Taking a random cube for a walk and making it talk

blog
duckdb
udfs
Author

Cody Peterson

Published

September 26, 2024

Synthetic data with Ibis, DuckDB, Python UDFs, and Faker.

To follow along, install the required libraries:

pip install 'ibis-framework[duckdb]' faker plotly

A random cube

We’ll generate a random cube of data with Ibis (default DuckDB backend) and visualize it as a 3D line plot:

Show me the code!
import ibis
import ibis.selectors as s
import plotly.express as px

ibis.options.interactive = True
ibis.options.repr.interactive.max_rows = 5

con = ibis.connect("duckdb://synthetic.ddb")

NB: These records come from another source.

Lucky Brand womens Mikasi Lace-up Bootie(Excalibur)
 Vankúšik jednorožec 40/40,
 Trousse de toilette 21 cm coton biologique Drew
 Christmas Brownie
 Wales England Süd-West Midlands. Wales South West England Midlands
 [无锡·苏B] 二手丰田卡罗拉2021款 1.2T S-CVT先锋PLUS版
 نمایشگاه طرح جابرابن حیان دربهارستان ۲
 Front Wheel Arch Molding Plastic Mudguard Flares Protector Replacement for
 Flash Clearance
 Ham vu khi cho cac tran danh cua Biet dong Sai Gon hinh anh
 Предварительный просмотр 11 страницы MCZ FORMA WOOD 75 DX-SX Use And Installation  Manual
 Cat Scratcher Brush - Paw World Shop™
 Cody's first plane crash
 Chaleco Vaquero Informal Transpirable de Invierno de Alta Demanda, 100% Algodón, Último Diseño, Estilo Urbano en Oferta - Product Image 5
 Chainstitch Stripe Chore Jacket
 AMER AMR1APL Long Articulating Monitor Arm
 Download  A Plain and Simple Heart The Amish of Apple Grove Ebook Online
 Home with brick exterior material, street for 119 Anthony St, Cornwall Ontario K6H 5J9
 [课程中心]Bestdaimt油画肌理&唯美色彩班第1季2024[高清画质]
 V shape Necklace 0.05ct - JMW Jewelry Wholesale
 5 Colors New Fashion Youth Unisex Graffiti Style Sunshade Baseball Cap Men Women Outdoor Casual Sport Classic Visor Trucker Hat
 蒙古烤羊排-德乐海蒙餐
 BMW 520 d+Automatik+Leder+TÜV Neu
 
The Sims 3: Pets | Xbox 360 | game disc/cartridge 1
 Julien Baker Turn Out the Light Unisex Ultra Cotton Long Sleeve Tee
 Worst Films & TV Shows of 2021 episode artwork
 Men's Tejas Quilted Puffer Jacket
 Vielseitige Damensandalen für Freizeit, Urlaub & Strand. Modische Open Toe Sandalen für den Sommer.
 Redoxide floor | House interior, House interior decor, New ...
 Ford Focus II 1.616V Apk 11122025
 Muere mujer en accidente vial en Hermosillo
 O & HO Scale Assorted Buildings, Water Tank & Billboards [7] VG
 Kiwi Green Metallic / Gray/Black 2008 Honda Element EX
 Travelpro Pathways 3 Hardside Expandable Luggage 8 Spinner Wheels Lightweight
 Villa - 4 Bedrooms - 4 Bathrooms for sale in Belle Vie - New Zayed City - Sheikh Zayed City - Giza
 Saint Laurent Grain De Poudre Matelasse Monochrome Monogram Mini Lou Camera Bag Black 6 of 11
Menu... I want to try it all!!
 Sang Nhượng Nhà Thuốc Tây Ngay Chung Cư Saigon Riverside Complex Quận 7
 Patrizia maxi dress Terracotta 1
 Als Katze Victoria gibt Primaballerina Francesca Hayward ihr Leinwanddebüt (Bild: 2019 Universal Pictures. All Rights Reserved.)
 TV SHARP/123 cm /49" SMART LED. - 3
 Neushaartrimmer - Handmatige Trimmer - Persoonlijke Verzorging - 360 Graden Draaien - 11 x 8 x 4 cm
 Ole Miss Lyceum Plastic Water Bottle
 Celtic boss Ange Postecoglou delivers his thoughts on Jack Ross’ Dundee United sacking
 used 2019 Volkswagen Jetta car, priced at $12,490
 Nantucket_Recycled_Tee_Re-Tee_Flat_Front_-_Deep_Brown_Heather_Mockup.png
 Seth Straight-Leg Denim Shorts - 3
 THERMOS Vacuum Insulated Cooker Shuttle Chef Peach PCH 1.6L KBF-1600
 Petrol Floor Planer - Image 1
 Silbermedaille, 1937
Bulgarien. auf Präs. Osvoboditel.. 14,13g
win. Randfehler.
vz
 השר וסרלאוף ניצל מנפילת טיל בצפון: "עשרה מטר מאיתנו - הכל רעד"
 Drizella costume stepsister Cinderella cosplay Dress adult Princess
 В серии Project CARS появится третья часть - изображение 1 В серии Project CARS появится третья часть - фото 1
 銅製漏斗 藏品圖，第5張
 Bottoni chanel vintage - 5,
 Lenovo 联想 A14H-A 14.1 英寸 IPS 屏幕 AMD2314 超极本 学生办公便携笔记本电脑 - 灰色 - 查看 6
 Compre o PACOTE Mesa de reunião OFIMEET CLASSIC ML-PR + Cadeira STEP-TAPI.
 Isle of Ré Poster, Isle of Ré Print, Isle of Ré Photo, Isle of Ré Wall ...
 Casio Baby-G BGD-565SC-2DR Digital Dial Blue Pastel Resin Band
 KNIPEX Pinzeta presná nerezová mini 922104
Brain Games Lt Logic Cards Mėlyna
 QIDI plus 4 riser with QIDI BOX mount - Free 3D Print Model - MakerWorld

if "source" in con.list_tables():
    t = con.table("source")
else:
    lookback = ibis.interval(days=1)
    step = ibis.interval(seconds=1)

    t = (
        (
            ibis.range(
                ibis.now() - lookback,
                ibis.now(),
                step=step,
            )
            .unnest()
            .name("timestamp")
            .as_table()
        )
        .mutate(
            index=(ibis.row_number().over(order_by="timestamp")),
            **{col: 2 * (ibis.random() - 0.5) for col in ["a", "b", "c"]},
        )
        .mutate(color=ibis._["index"].histogram(nbins=8))
        .drop("index")
        .relocate("timestamp", "color")
        .order_by("timestamp")
    )

    t = con.create_table("source", t.to_pyarrow())

c = px.line_3d(
    t,
    x="a",
    y="b",
    z="c",
    color="color",
    hover_data=["timestamp"],
)
c
1
Import the necessary libraries.
2
Enable interactive mode for Ibis.
3
Connect to an on-disk DuckDB database.
4
Load the table if it already exists.
5
Define the time range and step for the data.
6
Create the array of timestamps.
7
Unnest the array to a column.
8
Name the column “timestamp”.
9
Convert the column into a table.
10
Create a monotonically increasing index column.
11
Create three columns of random numbers.
12
Create a color column based on the index (help visualize the time series).
13
Drop the index column.
14
Rearrange the columns.
15
Order the table by timestamp.
16
Store the table in the on-disk database.
17
Create a 3D line plot of the data.